Versatile structures of group 13 metal halide complexes with 4,4′-bipy: from 1D coordination polymers to 2D and 3D metal–organic frameworks

Abstract

A systematic structural study of complexes formed by aluminium and gallium trihalides with 4,4′-bipyridine (bipy) in 2 : 1, 1 : 1, and 1 : 2 stoichiometric ratios has been performed. Molecular structures of 11 complexes in the solid state have been determined for the first time.
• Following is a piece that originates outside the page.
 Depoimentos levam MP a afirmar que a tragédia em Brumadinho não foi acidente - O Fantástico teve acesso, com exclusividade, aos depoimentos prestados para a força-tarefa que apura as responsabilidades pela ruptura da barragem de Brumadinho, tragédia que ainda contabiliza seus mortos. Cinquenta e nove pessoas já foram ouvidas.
Complexes of 2 : 1 composition are molecular, while complexes of 1 : 1 composition form metal–organic frameworks of different kinds: an ionic 3D network (three interpenetrated lvt nets for AlCl₃bipy), an ionic 2D network for AlBr₃bipy and GaBr₃bipy and a 1D coordination polymer in the case of GaCl₃bipy. Thus, the nature of the Lewis acid plays a critical role in the structural type of the complex in the solid state. Incorporation of excess bipy molecules into (GaCl₃bipy)_∞ (formation of crystallosolvate) leads to an unprecedented change of the molecular structure from a non-ionic 1D coordination polymer to an ionic 2D metal organic framework [GaCl₂bipy₂]⁺[GaCl₄]⁻·2bipy. As indicated by the temperature-dependent XRD study, removal of bipy by heating in a vacuum restores the non-ionic 1D structure. Quantum chemical computations for simple cluster model systems (up to eight Al and Ga atoms) reveal that ionic forms are slightly favourable, although the energy differences between the ionic and non-ionic structures are not large. These theoretical predictions are in good agreement with experimental findings. Thus, even relatively simple cluster models may be used to indicate the structural preferences in the solid state. Both experimental and computational IR frequency shifts of the in-plane ring bending mode of bipy upon complexation correlate well with the M–N bond distances in the complexes.